= Aim of the task =
When the line containing "Лаптоп HP ProBook" is reached, copy it and each subsequent line of the material below exactly, through the last line.

━━ Extracted material ━━

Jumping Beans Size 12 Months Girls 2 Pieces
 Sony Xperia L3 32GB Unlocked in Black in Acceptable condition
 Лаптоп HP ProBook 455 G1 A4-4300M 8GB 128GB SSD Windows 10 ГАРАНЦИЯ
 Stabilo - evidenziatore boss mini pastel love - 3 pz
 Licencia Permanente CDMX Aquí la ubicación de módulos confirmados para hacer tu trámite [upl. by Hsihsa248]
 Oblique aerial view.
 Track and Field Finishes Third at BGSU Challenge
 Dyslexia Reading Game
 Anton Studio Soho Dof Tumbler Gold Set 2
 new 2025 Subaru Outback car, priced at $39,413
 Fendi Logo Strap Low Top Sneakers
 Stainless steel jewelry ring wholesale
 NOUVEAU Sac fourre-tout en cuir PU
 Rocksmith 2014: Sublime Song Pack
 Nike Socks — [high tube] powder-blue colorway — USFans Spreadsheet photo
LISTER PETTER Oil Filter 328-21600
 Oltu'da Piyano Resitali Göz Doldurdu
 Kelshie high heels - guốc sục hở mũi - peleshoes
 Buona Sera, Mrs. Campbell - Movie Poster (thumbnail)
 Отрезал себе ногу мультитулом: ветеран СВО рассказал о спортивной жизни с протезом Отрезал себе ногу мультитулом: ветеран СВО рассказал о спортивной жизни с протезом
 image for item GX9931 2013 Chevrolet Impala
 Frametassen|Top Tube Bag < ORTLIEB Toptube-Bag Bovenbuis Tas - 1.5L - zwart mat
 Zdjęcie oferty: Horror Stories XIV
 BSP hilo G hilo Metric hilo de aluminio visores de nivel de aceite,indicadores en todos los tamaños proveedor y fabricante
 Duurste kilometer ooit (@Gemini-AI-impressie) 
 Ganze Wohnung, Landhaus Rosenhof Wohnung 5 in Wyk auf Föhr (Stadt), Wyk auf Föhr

━━━

= Output of the task =
 Лаптоп HP ProBook 455 G1 A4-4300M 8GB 128GB SSD Windows 10 ГАРАНЦИЯ
 Stabilo - evidenziatore boss mini pastel love - 3 pz
 Licencia Permanente CDMX Aquí la ubicación de módulos confirmados para hacer tu trámite [upl. by Hsihsa248]
 Oblique aerial view.
 Track and Field Finishes Third at BGSU Challenge
 Dyslexia Reading Game
 Anton Studio Soho Dof Tumbler Gold Set 2
 new 2025 Subaru Outback car, priced at $39,413
 Fendi Logo Strap Low Top Sneakers
 Stainless steel jewelry ring wholesale
 NOUVEAU Sac fourre-tout en cuir PU
 Rocksmith 2014: Sublime Song Pack
 Nike Socks — [high tube] powder-blue colorway — USFans Spreadsheet photo
LISTER PETTER Oil Filter 328-21600
 Oltu'da Piyano Resitali Göz Doldurdu
 Kelshie high heels - guốc sục hở mũi - peleshoes
 Buona Sera, Mrs. Campbell - Movie Poster (thumbnail)
 Отрезал себе ногу мультитулом: ветеран СВО рассказал о спортивной жизни с протезом Отрезал себе ногу мультитулом: ветеран СВО рассказал о спортивной жизни с протезом
 image for item GX9931 2013 Chevrolet Impala
 Frametassen|Top Tube Bag < ORTLIEB Toptube-Bag Bovenbuis Tas - 1.5L - zwart mat
 Zdjęcie oferty: Horror Stories XIV
 BSP hilo G hilo Metric hilo de aluminio visores de nivel de aceite,indicadores en todos los tamaños proveedor y fabricante
 Duurste kilometer ooit (@Gemini-AI-impressie) 
 Ganze Wohnung, Landhaus Rosenhof Wohnung 5 in Wyk auf Föhr (Stadt), Wyk auf Föhr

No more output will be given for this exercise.